This guide covers the order side of running a SovEcom store: how an order moves through its states, how you fulfill and ship it, how customers exercise the statutory 14-day withdrawal right, and how refunds and credit notes work. The behavior here matches the API as shipped. Where a screen is not yet captured, you will see a screenshot placeholder.

For tax behavior on these orders (VAT, reverse charge, OSS), see Taxes & VAT. For payment setup, see Payments.

Every order carries a status that moves through a fixed state machine. The machine defines what you can do: you cannot skip a state or move backward. The API rejects an illegal move with a 422 Unprocessable Entity and leaves the order untouched.

StatusMeaning
pending_paymentOrder created from the cart, awaiting payment. Stock is already reserved.
paidPayment captured (or recorded as a manual/offline payment).
fulfilledYou marked the order ready (picked/packed).
shippedGoods handed to the carrier.
deliveredCarrier confirmed delivery. This timestamp starts the 14-day withdrawal clock.
completedClosed out. Terminal.
cancelledCancelled before payment. Terminal.
refundedFully refunded. Terminal.
partially_refundedPart of the order has been refunded; the rest is still live.
pending_payment → paid | cancelled
paid → fulfilled | cancelled | refunded | partially_refunded
fulfilled → shipped | refunded | partially_refunded
shipped → delivered | refunded | partially_refunded
delivered → completed | refunded | partially_refunded
partially_refunded → refunded | partially_refunded

completed, cancelled, and refunded are terminal, with no outgoing transitions.
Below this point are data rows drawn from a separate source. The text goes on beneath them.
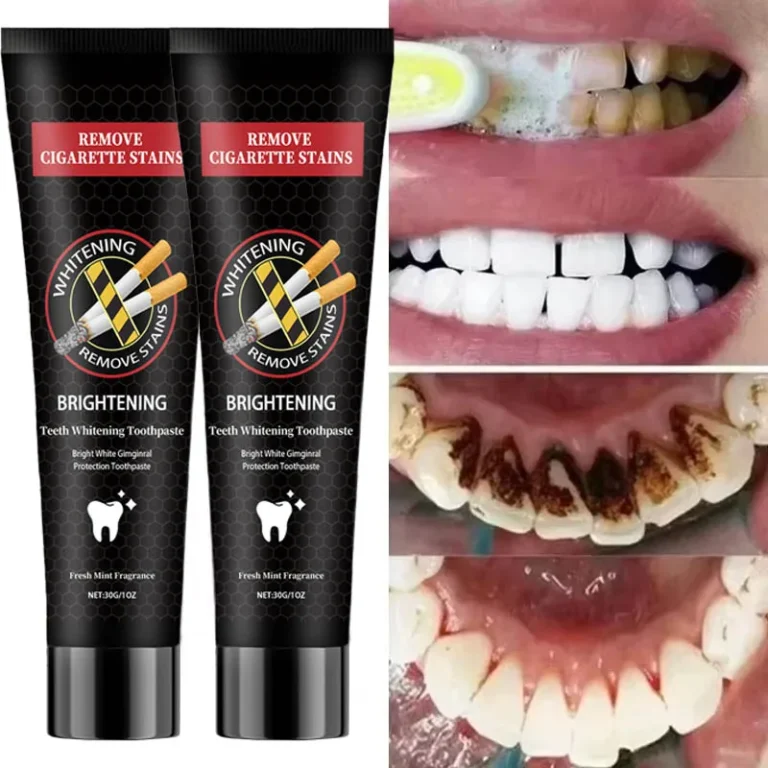 Blanchisseur de dents : ce qui fonctionne vraiment pour un sourire plus net - Blanchisseur de dents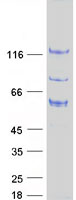 Coomassie blue staining of purified ARHGAP17 protein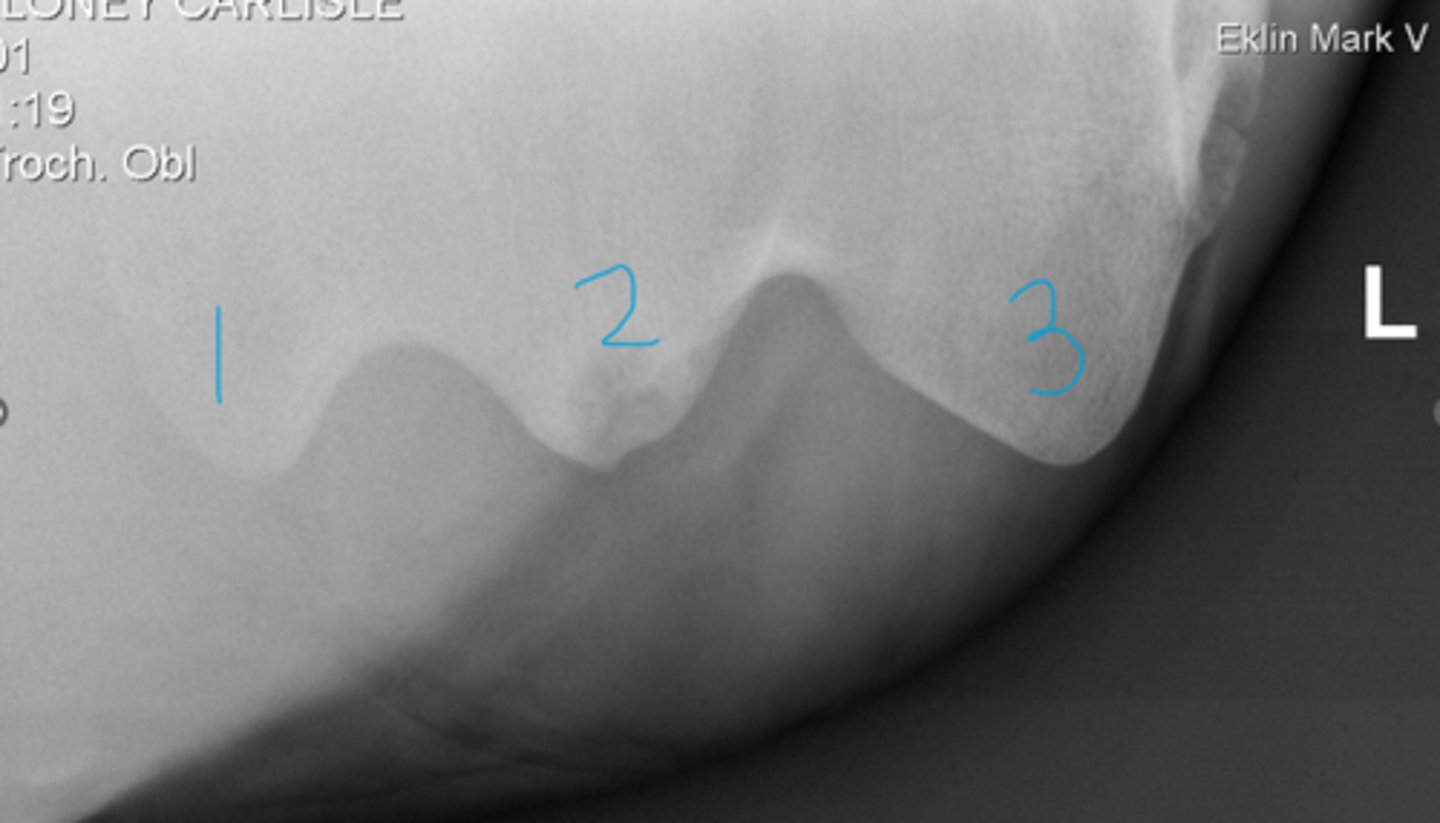 <p>How do you know which limb this is and that 3 is the greater tubercle?</p>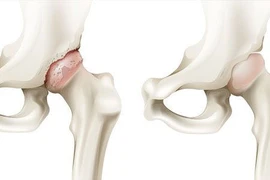Cố chịu đau dẫn tới phải thay khớp háng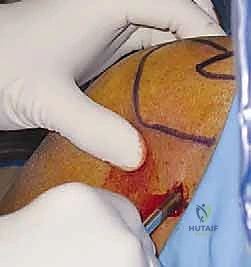 تجهيز الأدوات الجراحية الدقيقة والمناظير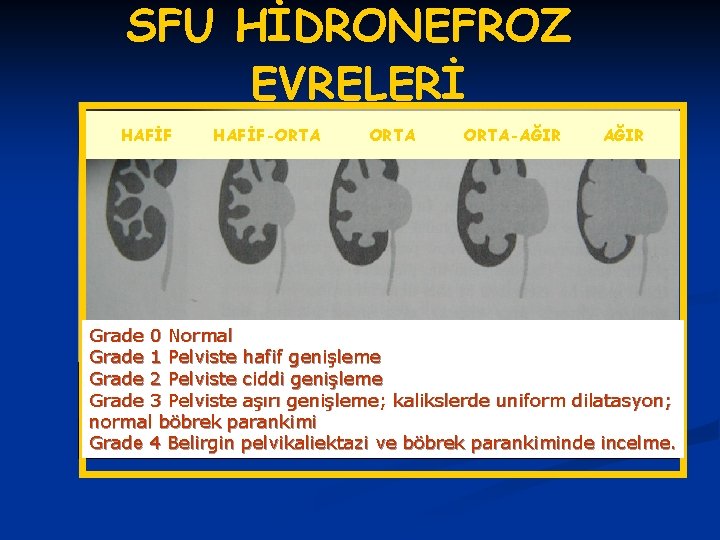 SFU HİDRONEFROZ EVRELERİ HAFİF-ORTA-AĞIR Grade 0 Normal Grade 1 Pelviste hafif genişleme Grade 2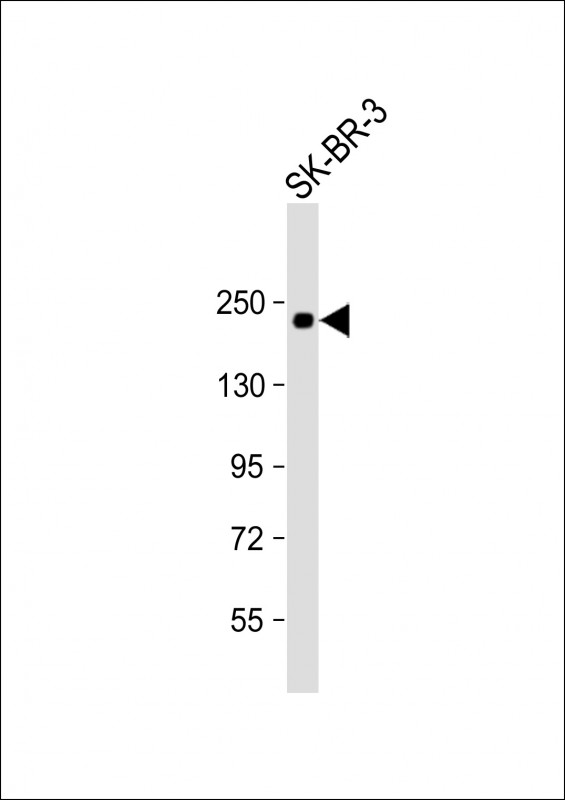 Anti-ERBB2 Antibody (Y1196) at 1:1000 dilution + SK-BR-3 whole cell lysateLysates/proteins at 20 �g per lane. SecondaryGoat Anti-Rabbit IgG,  (H+L), Peroxidase conjugated at 1/10000 dilution. Predicted band size : 138 kDaBlocking/Dilution buffer: 5% NFDM/TBST.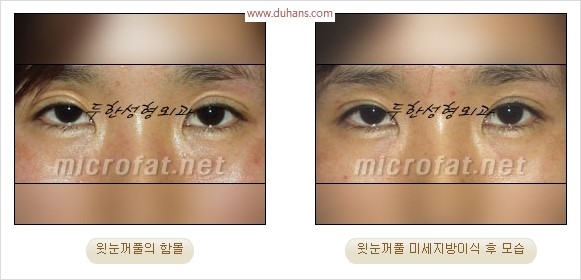 [두한성형외과 경쟁력 눈성형 리더] - [윗눈꺼풀 함몰( #꺼진눈꺼풀) 미세지방이식과 상안검성형]#꺼진눈성형 , #눈위함몰 관련 이미지 35
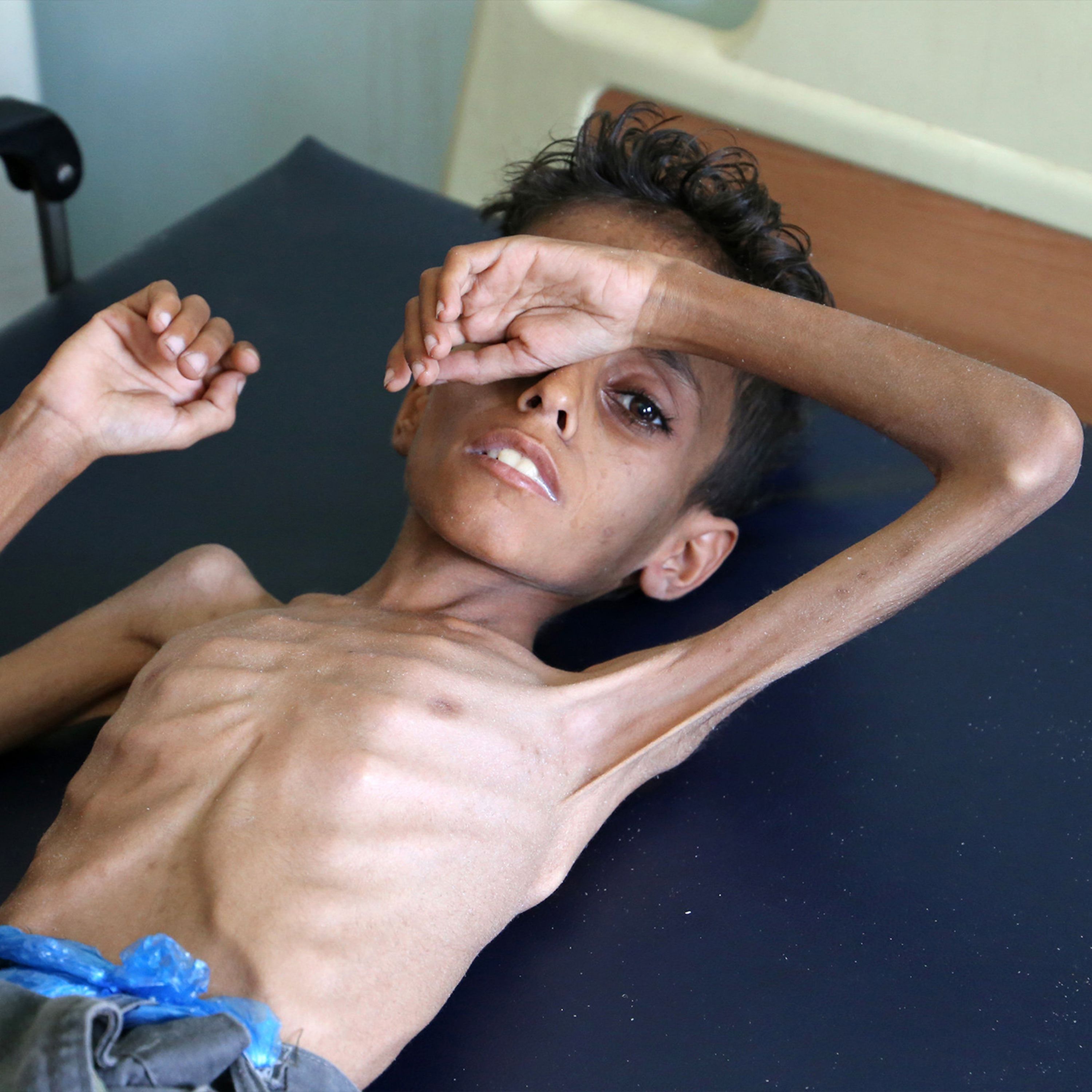 Yemen on the brink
Once an order reaches refunded it is closed for good, so the API blocks you from reaching that state through the generic transition endpoint. See below.

You move an order one legal step at a time:

POST /admin/v1/orders/:id/transitions
{ "to": "shipped", "note": "Handed to DHL, tracking 00340..." }

This needs the orders:write permission (admin or owner; staff with orders:read can view but not move orders). Every transition is row-locked, validated, and written to an append-only order_status_history row with your user id and optional note, so the lifecycle is fully auditable.

Two destinations are blocked on this endpoint by design:

  • → paid is rejected. Use the payment-recording endpoints (below) so a real payments row is written and the in-flight-payment guard runs. A bare transition to paid would leave a paid order with no payment record.
  • → refunded and → partially_refunded are rejected. Refunds move money and write a refund row plus a credit note, so they must go through the refunds endpoint. Reaching refunded here would block the real refund flow for good.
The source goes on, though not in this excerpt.